Required work
Please return only the lines from the one holding "Helix lucorum" through the one holding "Инкубационное яйцо. Инкубатор", exactly as they appear in the records below, both ends included.
═════ Supplied records
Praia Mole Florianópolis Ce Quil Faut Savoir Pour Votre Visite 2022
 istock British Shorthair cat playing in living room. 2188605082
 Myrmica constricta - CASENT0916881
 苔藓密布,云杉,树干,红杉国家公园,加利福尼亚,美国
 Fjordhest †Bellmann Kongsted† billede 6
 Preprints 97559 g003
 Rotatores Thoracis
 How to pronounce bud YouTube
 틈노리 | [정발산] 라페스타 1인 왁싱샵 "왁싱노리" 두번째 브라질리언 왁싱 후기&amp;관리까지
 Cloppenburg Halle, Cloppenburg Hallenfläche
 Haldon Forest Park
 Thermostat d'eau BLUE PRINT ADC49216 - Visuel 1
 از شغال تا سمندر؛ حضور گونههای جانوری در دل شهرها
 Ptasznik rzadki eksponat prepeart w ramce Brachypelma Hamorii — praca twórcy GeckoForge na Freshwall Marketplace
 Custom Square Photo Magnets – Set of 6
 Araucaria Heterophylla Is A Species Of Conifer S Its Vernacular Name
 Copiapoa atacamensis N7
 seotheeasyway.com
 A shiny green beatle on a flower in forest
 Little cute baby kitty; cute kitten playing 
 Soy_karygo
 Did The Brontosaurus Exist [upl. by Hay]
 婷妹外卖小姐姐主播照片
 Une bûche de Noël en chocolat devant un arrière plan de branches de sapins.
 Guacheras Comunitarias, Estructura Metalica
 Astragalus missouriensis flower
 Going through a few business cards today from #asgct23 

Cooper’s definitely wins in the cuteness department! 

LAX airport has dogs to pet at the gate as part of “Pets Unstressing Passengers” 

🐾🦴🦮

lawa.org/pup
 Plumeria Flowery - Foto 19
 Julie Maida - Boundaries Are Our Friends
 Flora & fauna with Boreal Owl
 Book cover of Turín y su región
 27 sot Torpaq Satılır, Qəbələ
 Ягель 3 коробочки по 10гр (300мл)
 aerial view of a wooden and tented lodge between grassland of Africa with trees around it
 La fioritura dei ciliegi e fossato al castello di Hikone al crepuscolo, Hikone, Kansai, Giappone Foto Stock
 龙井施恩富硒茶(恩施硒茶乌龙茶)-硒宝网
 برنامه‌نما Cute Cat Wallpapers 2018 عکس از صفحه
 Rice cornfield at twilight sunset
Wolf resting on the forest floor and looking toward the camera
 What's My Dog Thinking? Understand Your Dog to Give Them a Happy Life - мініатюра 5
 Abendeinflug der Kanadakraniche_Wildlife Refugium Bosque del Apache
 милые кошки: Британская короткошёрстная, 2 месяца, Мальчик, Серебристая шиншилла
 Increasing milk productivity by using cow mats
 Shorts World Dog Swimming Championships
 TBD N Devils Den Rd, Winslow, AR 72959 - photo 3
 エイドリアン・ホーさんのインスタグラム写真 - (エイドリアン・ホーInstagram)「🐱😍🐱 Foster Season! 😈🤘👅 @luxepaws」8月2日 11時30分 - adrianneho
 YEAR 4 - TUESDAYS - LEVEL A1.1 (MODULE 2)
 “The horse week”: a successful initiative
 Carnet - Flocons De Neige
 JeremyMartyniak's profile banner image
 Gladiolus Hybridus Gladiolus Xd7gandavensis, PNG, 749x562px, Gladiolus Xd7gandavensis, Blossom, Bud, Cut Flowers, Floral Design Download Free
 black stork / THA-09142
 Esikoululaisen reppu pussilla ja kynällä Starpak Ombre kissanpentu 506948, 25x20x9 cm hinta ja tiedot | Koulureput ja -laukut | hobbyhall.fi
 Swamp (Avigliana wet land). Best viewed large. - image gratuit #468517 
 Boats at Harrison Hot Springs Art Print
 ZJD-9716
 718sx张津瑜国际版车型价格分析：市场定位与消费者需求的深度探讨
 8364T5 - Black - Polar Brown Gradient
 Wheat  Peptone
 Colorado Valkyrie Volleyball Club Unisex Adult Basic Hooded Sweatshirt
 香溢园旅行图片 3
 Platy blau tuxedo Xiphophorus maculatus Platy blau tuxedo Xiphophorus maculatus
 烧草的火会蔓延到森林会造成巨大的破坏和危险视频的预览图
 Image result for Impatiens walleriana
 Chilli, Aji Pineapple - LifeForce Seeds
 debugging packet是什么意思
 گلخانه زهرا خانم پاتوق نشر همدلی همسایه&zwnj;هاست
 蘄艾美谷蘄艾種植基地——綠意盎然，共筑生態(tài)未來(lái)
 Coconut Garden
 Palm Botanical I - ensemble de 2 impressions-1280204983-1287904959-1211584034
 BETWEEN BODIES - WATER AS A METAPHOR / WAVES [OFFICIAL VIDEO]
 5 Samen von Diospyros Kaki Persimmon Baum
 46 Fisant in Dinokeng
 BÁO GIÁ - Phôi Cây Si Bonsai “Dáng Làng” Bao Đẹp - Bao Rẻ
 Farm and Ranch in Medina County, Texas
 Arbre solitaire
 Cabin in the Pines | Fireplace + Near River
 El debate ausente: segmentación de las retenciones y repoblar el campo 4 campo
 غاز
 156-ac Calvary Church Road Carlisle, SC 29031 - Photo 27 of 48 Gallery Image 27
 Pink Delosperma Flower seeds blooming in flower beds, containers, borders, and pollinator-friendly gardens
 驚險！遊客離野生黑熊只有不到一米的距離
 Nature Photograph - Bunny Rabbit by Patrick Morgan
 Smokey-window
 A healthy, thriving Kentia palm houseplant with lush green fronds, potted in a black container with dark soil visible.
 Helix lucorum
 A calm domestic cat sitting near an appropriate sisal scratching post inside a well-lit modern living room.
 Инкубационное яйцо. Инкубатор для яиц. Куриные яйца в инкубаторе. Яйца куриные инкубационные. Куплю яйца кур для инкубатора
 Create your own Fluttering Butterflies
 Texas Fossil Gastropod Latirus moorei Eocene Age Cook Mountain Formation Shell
══════════
Result of this exercise
 Helix lucorum
 A calm domestic cat sitting near an appropriate sisal scratching post inside a well-lit modern living room.
 Инкубационное яйцо. Инкубатор для яиц. Куриные яйца в инкубаторе. Яйца куриные инкубационные. Куплю яйца кур для инкубатора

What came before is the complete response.